Date of Award

Spring 2020

Document Type

Dissertation

Degree Name

Doctor of Philosophy (PhD)

Department

Educational Foundations & Leadership

Program/Concentration

Higher Education

Committee Director

Christopher Glass

Committee Member

David Ayers

Committee Member

Cherng-Jyh Yen

Abstract

The Higher Education Act (HEA) Title V is designed to expand opportunities, increase attainment, and enhance institutional quality and stability of Hispanic-Serving Institutions (HSIs). The assessment of Title V goals relies on enrollment, retention, and graduation rates which reflect organizational outcomes that policymakers prioritized without deference to student population, institutional mission, and funding levels. Title V policymakers do not currently consider the ways HSIs centralize the racialized experiences of students and institutions do not uniformly collect or report cultural outcome data despite its relevancy to Hispanic student success.

The purpose of this study was to draw on criteria identified in the qualitative literature to quantitatively investigate the Typology of HSI Organizational Identities (Garcia, 2017) as a policymaking tool. A TwoStep cluster analysis was used to determine how well the measured variables represent the conceptual typology constructs. A MANOVA determined the degree cultural outcomes further differentiated HSI clusters. To determine the extent to which institutions centralized the experiences of Hispanic students, a website review was used.

The results showed three distinct four-year sub-clusters and three distinct two-year sub-clusters with good silhouette measure of cohesion and separation scores. A statistically significant MANOVA in both sets of sub-clusters revealed, to small effect, that 17% of variance iii in cultural outcomes was explained by cluster assignment. Differences between clusters were detected in five of 15 cultural variables.

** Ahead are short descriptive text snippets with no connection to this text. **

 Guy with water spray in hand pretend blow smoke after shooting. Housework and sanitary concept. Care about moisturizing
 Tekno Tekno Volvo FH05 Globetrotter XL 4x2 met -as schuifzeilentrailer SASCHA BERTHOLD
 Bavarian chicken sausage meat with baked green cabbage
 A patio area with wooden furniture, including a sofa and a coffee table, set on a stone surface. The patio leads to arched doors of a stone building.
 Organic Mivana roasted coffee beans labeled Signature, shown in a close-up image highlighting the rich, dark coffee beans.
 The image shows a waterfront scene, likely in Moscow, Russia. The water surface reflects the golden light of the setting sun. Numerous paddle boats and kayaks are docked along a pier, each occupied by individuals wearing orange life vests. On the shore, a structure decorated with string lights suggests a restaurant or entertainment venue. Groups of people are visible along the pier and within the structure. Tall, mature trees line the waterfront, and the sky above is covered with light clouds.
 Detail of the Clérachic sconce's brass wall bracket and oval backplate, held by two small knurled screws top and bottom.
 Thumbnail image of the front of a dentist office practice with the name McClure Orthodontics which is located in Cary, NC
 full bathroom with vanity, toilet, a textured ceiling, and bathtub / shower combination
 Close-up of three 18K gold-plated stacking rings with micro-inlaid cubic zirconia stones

The findings of this study align with the Typology of Hispanic-Serving Institution Organizational Identities (Garcia, 2017); however, alignments could only be made after rubric-informed website reviews. The typology was limited in its practical use because it currently does not accommodate important sector differences. There is overwhelming evidence that two-year and four-year HSIs are significantly different from one another, thus may benefit from separate treatment in Title V. Current federal data prioritization and collection practices are insufficient to affirm an institution’s ability to serve Hispanic students, and opportunities exist for policymakers to remedy the neglect of cultural outcomes. Although interpretation of the findings is constrained by methodological limitations, the results may be used by policymakers, scholars, and HSI practitioners to tailor efforts designed to truly serve Hispanic students.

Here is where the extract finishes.